**Task instructions:**
Could the data below be printed out exactly, with the pictures left out?
(Beginning of Records shown)
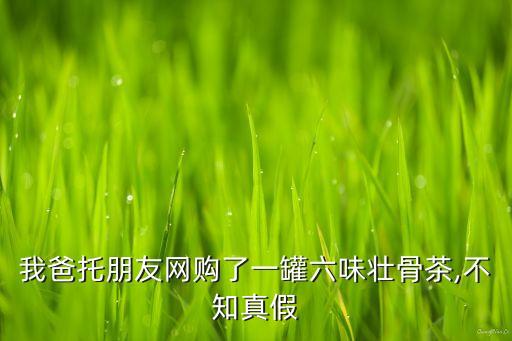 壯骨力農藥作用是什么,龍杜壯骨顆粒的作用是什么
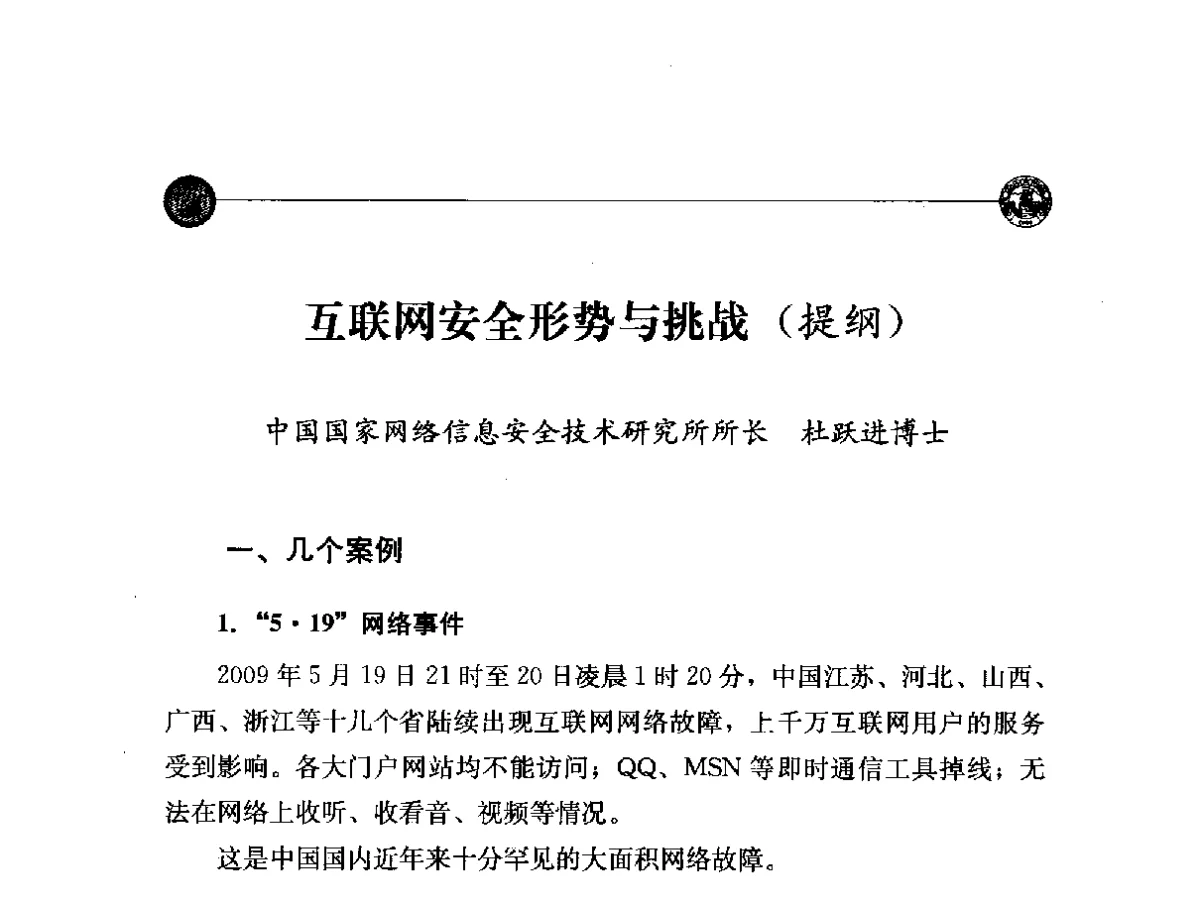 互联网安全形势与挑战(提纲) - “网络空间安全_中国与世界”国际学术研讨会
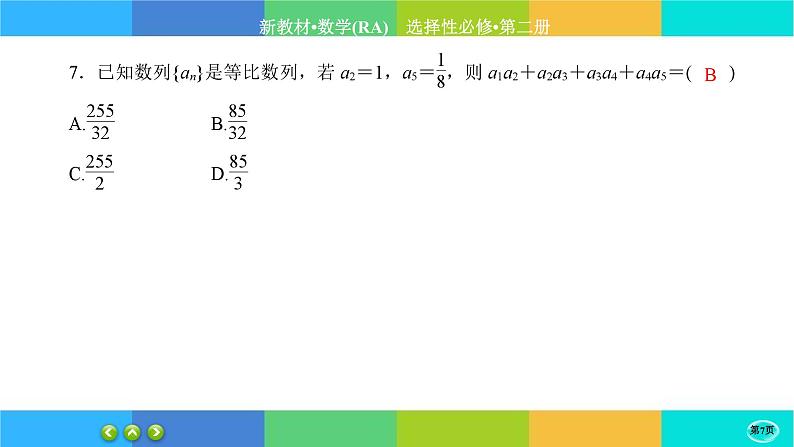 人教A版数学选修二 第四章综合测评（课件PPT）07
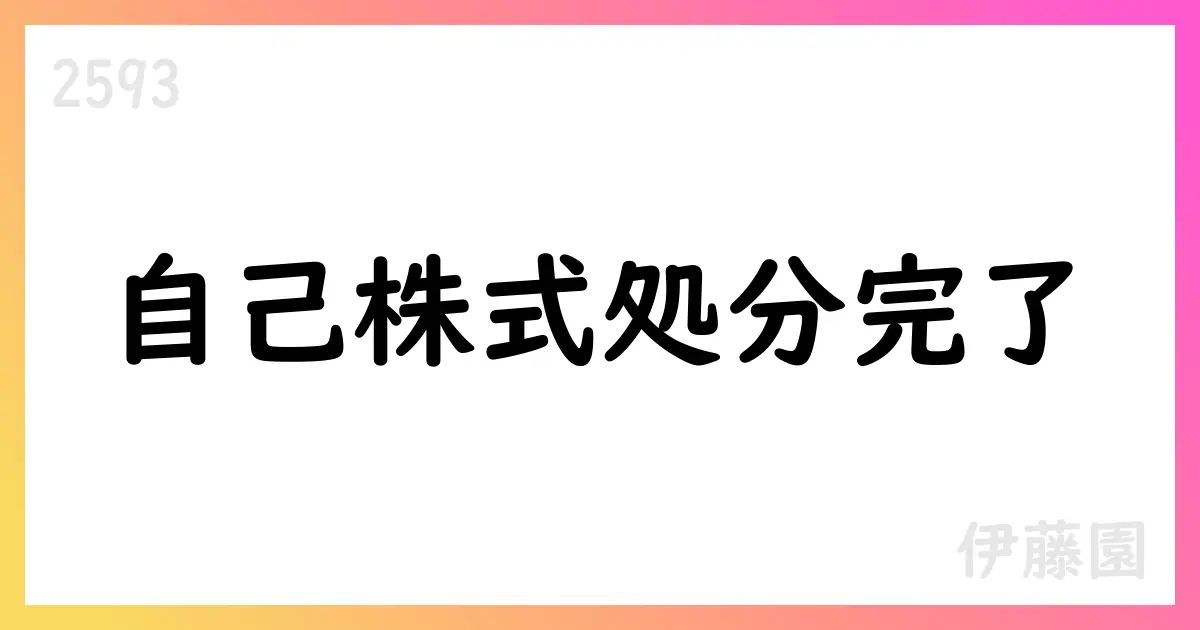 伊藤園 子会社取締役等向け譲渡制限付株式報酬の自己株式処分払込完了を公表【2593】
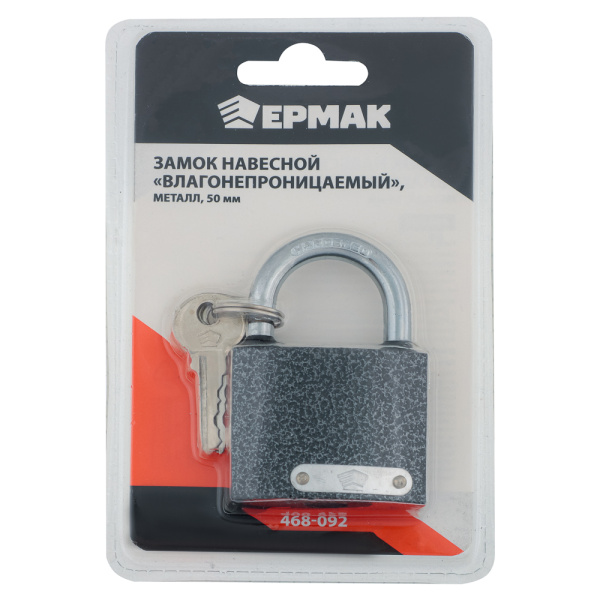 картинка ЕРМАК Замок навесной Влагонепроницаемый, металл, 50мм от магазина Одежда+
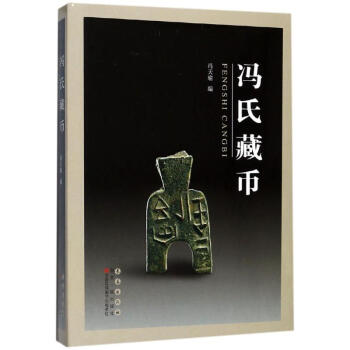 馮氏藏幣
(End of Records shown)
**Result:**
 壯骨力農藥作用是什么,龍杜壯骨顆粒的作用是什么
 互联网安全形势与挑战(提纲) - “网络空间安全_中国与世界”国际学术研讨会
 人教A版数学选修二 第四章综合测评（课件PPT）07
 伊藤園 子会社取締役等向け譲渡制限付株式報酬の自己株式処分払込完了を公表【2593】
 картинка ЕРМАК Замок навесной Влагонепроницаемый, металл, 50мм от магазина Одежда+
 馮氏藏幣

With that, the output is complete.